Identity is a peculiarly modern preoccupation, or so we are led to believe. It accompanies the self-conscious reflection on the self that, as a matter of psychology as well as epistemology, arose in the late sixteenth and seventeenth centuries, with the speculations of Montaigne, Descartes, Bacon, and others. But for much of the time, the factors that have affected identity have continued to be those that, whether or not so regarded, shaped conceptions of the self in earlier times. Family, religion, place, ethnicity, and, occasionally, class—these were the things that, consciously or not, provided a sense of identity for most people both before and after the onset of modernization.
A few, like Voltaire and his fellow philosophes, might have lived in the “republic of the mind,” and like medieval priests and scholars before them, aspired to a truly cosmopolitan existence. And royalty and aristocracy remained international right up to the First World War. But not only was French no substitute for Latin, in an increasingly nationalistic age, intellectuals as well as aristocrats were forced to pursue their activities within the mold of the nation-state. It was a striking symbol of the change that the British royal family, of impeccably German stock, was forced to change its name to the homely, English “Windsor” when nationalist clamor during the First World War made it politic to drop the correct but unacceptably German, dynastic name of “Saxe-Coburg.”
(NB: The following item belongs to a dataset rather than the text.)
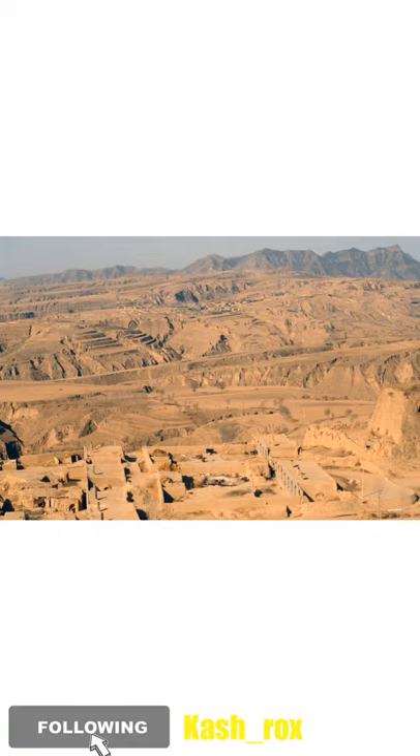If you haven't subscribed, don't forget to hit that subscribe button and press the bell button so you can see many more clips. This place was a residence for people more than one thousand years ago, and it is conserved for lovers of history.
It was indeed the growing force of nationalism that made nationhood increasingly trump other sources of identity. Not that other agencies—the family, religion, and so forth—lost their hold entirely, but they were generally subordinated to the greater requirement of nationality. Only in times of war was this really obvious, but the tendencies were there in every field, from sport to the teaching of history in schools. When it came to a conflict between competing claims of identity, it was the nation that was expected to triumph. Communist “fellow-travelers” in non-communist lands were widely regarded as potential traitors, and the fate of Dietrich Bonhoeffer and other religious protesters against the policies of their country during the Nazi period was simply an extreme case of the overriding claims of nationalism.